--- INPUT MATERIAL Enclosed Below ---

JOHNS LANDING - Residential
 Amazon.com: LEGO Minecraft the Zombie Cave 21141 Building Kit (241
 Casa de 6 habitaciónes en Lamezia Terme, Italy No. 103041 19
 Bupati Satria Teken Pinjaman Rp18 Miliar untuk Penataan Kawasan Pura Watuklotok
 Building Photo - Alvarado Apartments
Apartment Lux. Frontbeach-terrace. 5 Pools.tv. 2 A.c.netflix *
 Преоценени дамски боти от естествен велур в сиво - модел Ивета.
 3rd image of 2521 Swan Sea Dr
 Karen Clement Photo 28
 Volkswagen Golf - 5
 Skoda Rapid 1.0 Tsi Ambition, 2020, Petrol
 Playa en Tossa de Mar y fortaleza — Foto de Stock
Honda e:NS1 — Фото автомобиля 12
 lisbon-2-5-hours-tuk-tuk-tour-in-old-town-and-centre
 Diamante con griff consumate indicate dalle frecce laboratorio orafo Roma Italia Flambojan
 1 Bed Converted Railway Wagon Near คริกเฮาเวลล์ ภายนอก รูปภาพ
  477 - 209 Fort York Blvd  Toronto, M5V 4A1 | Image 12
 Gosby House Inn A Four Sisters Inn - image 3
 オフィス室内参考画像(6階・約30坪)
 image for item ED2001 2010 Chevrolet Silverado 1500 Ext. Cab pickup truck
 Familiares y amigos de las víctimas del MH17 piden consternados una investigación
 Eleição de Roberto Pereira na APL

--- End of Enclosed INPUT MATERIAL ---

• AIM OF THE TASK: Please transcribe only the lines in the records above running from the line that has "Building Photo - Alvarado Apartments" through the line that has "Honda e:NS1 — Фото автомобиля 12", both included, exactly as they appear.

• RESULT:
 Building Photo - Alvarado Apartments
Apartment Lux. Frontbeach-terrace. 5 Pools.tv. 2 A.c.netflix *
 Преоценени дамски боти от естествен велур в сиво - модел Ивета.
 3rd image of 2521 Swan Sea Dr
 Karen Clement Photo 28
 Volkswagen Golf - 5
 Skoda Rapid 1.0 Tsi Ambition, 2020, Petrol
 Playa en Tossa de Mar y fortaleza — Foto de Stock
Honda e:NS1 — Фото автомобиля 12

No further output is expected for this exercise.